Visualisation of the Q-learning reward propagation
Hello everyone 🙂
In this post I will try to give you a better intuition on how the positive and negative rewards are propagated in the Q-table of the Q-Learning algorithm.
Lets start by looking at an interactive Q-table visualisation:
This visualisation represents the Q-Table of the Q-learning algorithm. As we know the Q-Table holds the values of actions-state pairs, and as we can see from above the table is holding 4 values (representing the four actions up, down, left, right) for each square of the grid. Therefore each of the numbers on the grid represents the value of taking an action from a given state.
Try moving the actor (red square) towards the goal (blue square). You will notice that when you are one step from the goal and take the action to reach the goal, the value of the down action form the penultimate state is updated to 0.5
This value is obtained from the Q-value update formula:
This formula can be interpreted as follows:
newVal = oldVal + learningRate * (reward + discount_val * maxValOfNextState – oldVal)

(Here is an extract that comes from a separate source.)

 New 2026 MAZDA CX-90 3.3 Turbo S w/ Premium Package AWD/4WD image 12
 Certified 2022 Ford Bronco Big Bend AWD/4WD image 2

Now let’s look at how the rewards are propagated in the table and how these values are used by the agent to reach its target.
If we move the red agent toward the goal again, we can see that the third to last value is also updated. This is because when we move from the third-to-last to the second-to-last state, we use the formula given above and the 0.5 gets discounted and propagated back. If you try moving around a little more you will see that the reward values are slowly propagated back, but what about the negative rewards. If you try to move the agent into one of the black squares, you will see that a negative value is associated to the actions that lead to the negative reward. But no matter how many times the black squares are visited, the negative rewards only affect the state that is immediately connected to the bad state.

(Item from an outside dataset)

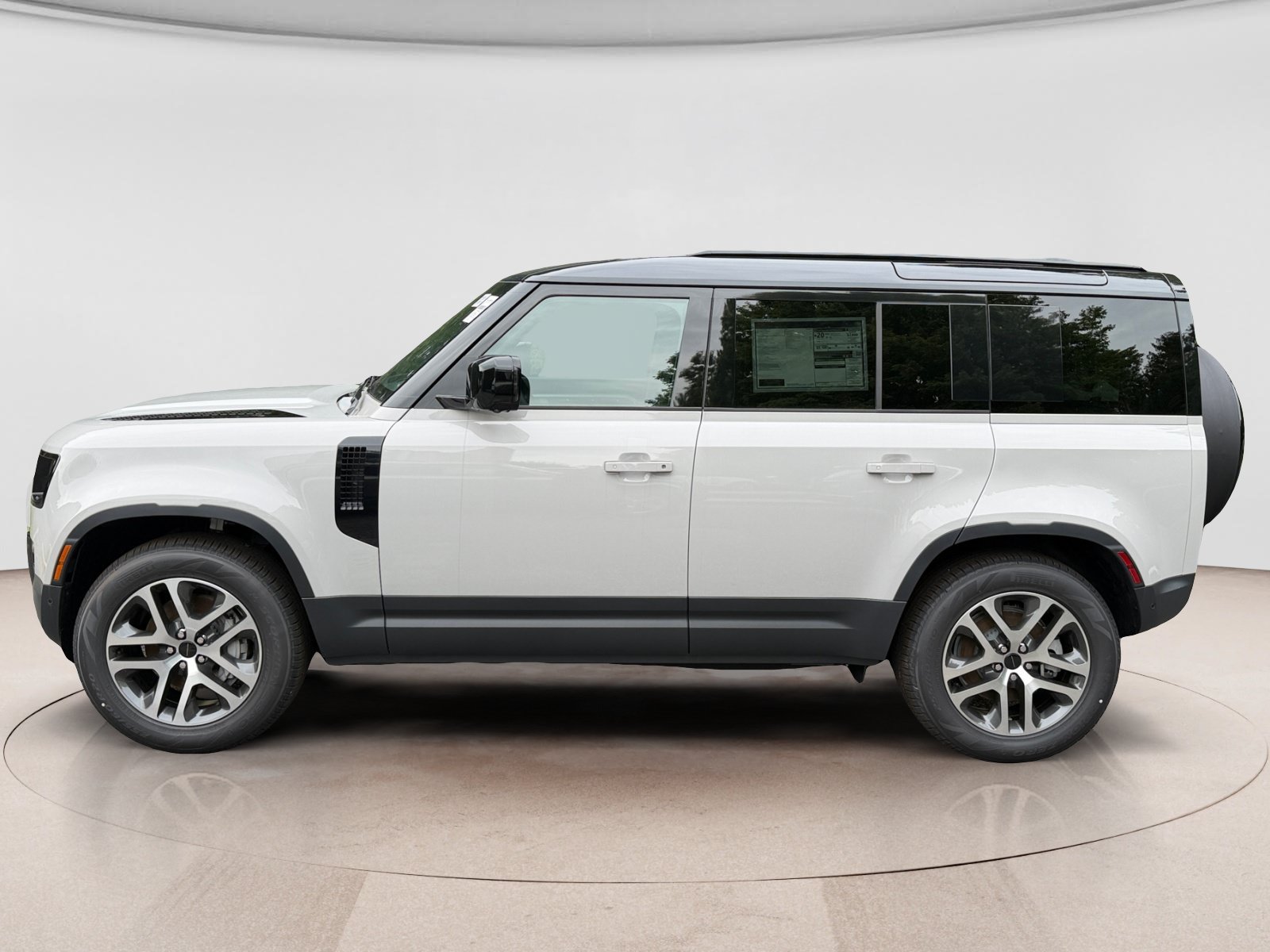 New 2026 Land Rover Defender 110 S AWD/4WD image 2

Why aren’t the negative values propagated back into the table? This behaviour is given by the fact that the Q-value update formula uses a max value. When the algorithm is computing the Q-value for a state-action pair, it looks at all the possible actions in the next state and uses the max value to perform the update. Negative values (being smaller than zero) will always be ignored by the update function and only positive rewards get are used to strengthen the path to the goal.